* **EXERCISE BRIEF**
Once the pictures are set aside, output all the records exactly.

BEGIN DATASET EXCERPTS

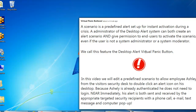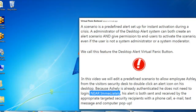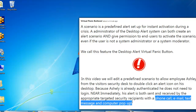In this video, we will edit a predefined scenario to allow employee Ashley from the visitor's security desk to double-click an alert icon on his desktop. Because Ashley is already authenticated, he does not need to login. Near immediately, his alert is both sent and received by the appropriate targeted security recipients with a phone call, email, text message, and computer pop-up.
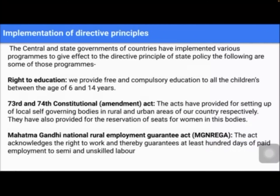In some states, they provide the Right to Education — free and compulsory education to children between the age of 6 and 14. That is Sarva Siksha Abhiyan, which the central government has made. They also give midday meals in school. Some schools give milk, eggs, and everything to the school children. In some states, they give morning breakfast as well as afternoon lunch. So in different states, different policies are taken into action.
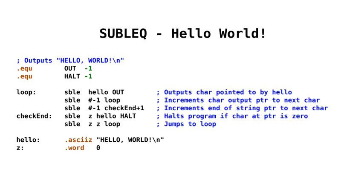And then, as the program goes down, first of all we output that character to OUT, and then we are incrementing. So remember, we're taking a minus number, so we're adding one to loop. Now if you look at loop, the first location in loop, ignore the SBLE because that isn't actually stored. We just store the three operands because it's always got one instruction. So we're incrementing loop, which means we're incrementing the value Hello, pointed to by Hello currently, which means it will move to the next location in the Hello string, which will be E. So then effectively, SBLE will be Hello plus one, out.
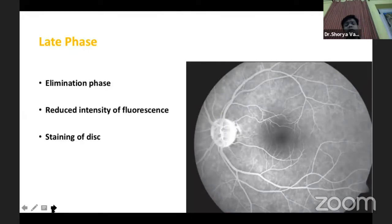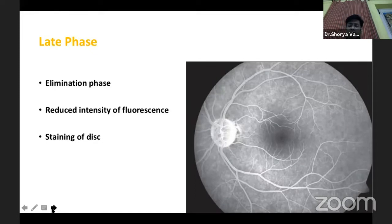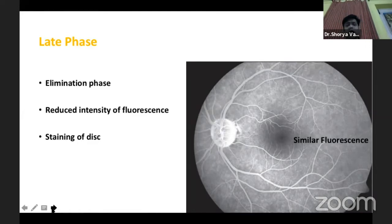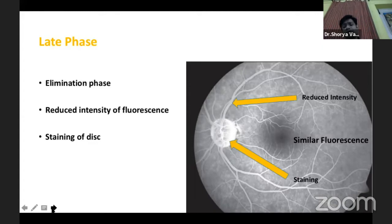Then we go on to the late phase, where the dye has traversed the whole retinal vasculature and is now gone. Some amount has been excreted and comes back into recirculation. In this phase there is similar fluorescence of both arteries and veins, but the intensity has gone down, and you will see staining of the optic nerve head.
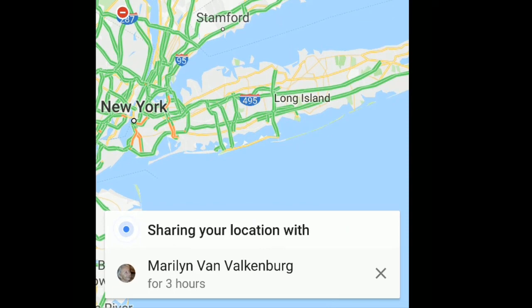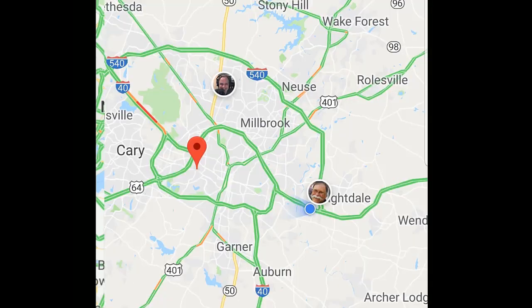That person will get a notification that you're sharing, and when they look at their Google Maps, they'll see your little face and know exactly where you are and when to expect you.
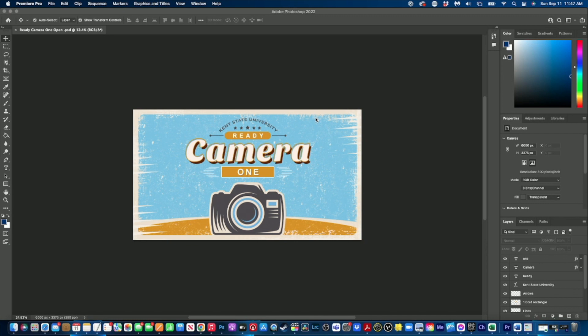In this video we're going to talk about how to build an animated open for our podcast. We're going to start just like we did with our lower third and first build it inside of Photoshop. Right now on screen I have a slate built - this is what I want my animated open to look like once it has animated on screen. The important thing to remember is to make sure that anything you want to animate is its own layer.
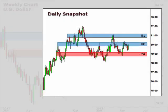Let's take a look at the daily chart. The daily chart appears to be forming a bull flag here, and a break above 80 should signal a move towards 81 this week.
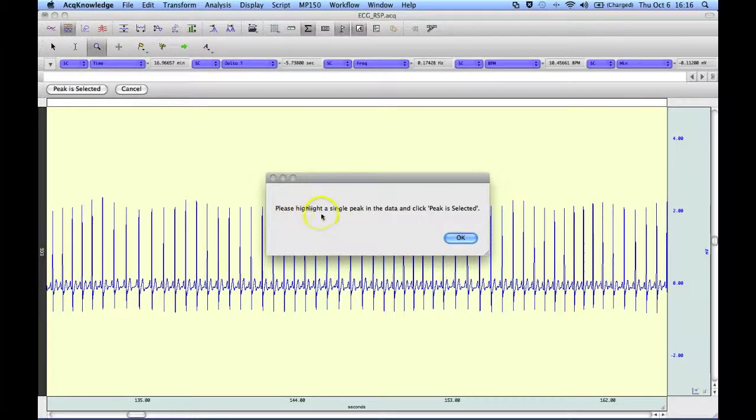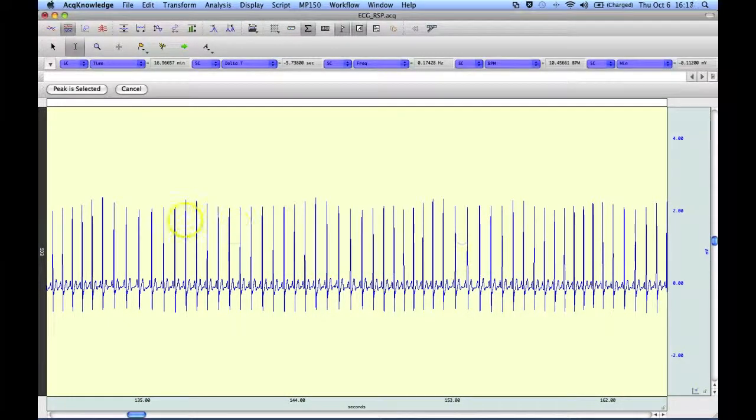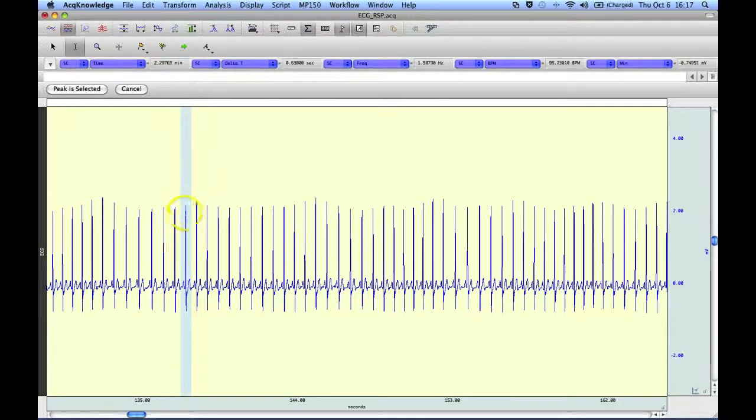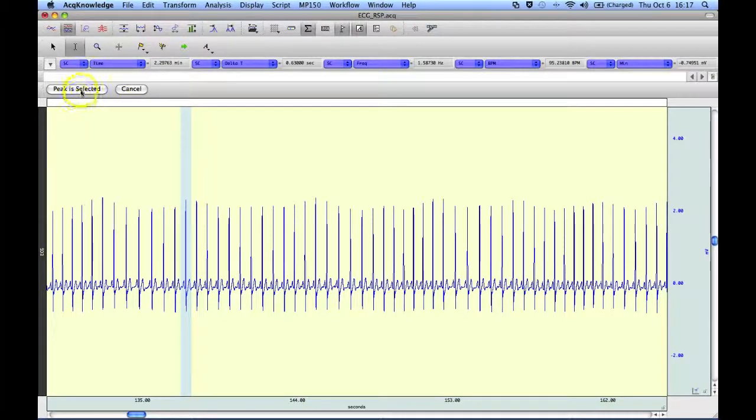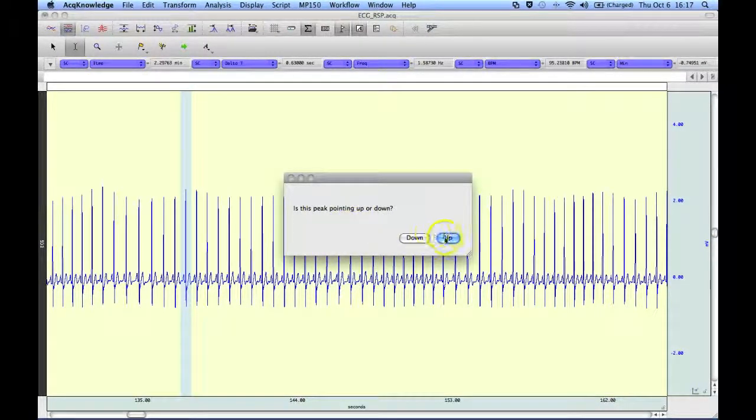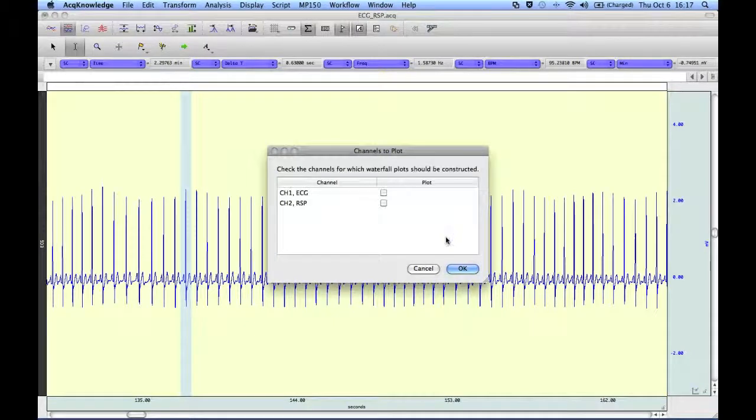So we're asked to highlight a single peak in the data. I'm going to highlight one single ECG complex, my peak is selected, and the peak is going up.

END DATASET EXCERPTS

* **EXPECTED ANSWER**
In this video, we will edit a predefined scenario to allow employee Ashley from the visitor's security desk to double-click an alert icon on his desktop. Because Ashley is already authenticated, he does not need to login. Near immediately, his alert is both sent and received by the appropriate targeted security recipients with a phone call, email, text message, and computer pop-up.
In some states, they provide the Right to Education — free and compulsory education to children between the age of 6 and 14. That is Sarva Siksha Abhiyan, which the central government has made. They also give midday meals in school. Some schools give milk, eggs, and everything to the school children. In some states, they give morning breakfast as well as afternoon lunch. So in different states, different policies are taken into action.
And then, as the program goes down, first of all we output that character to OUT, and then we are incrementing. So remember, we're taking a minus number, so we're adding one to loop. Now if you look at loop, the first location in loop, ignore the SBLE because that isn't actually stored. We just store the three operands because it's always got one instruction. So we're incrementing loop, which means we're incrementing the value Hello, pointed to by Hello currently, which means it will move to the next location in the Hello string, which will be E. So then effectively, SBLE will be Hello plus one, out.
Then we go on to the late phase, where the dye has traversed the whole retinal vasculature and is now gone. Some amount has been excreted and comes back into recirculation. In this phase there is similar fluorescence of both arteries and veins, but the intensity has gone down, and you will see staining of the optic nerve head.
That person will get a notification that you're sharing, and when they look at their Google Maps, they'll see your little face and know exactly where you are and when to expect you.
In this video we're going to talk about how to build an animated open for our podcast. We're going to start just like we did with our lower third and first build it inside of Photoshop. Right now on screen I have a slate built - this is what I want my animated open to look like once it has animated on screen. The important thing to remember is to make sure that anything you want to animate is its own layer.
Let's take a look at the daily chart. The daily chart appears to be forming a bull flag here, and a break above 80 should signal a move towards 81 this week.
So we're asked to highlight a single peak in the data. I'm going to highlight one single ECG complex, my peak is selected, and the peak is going up.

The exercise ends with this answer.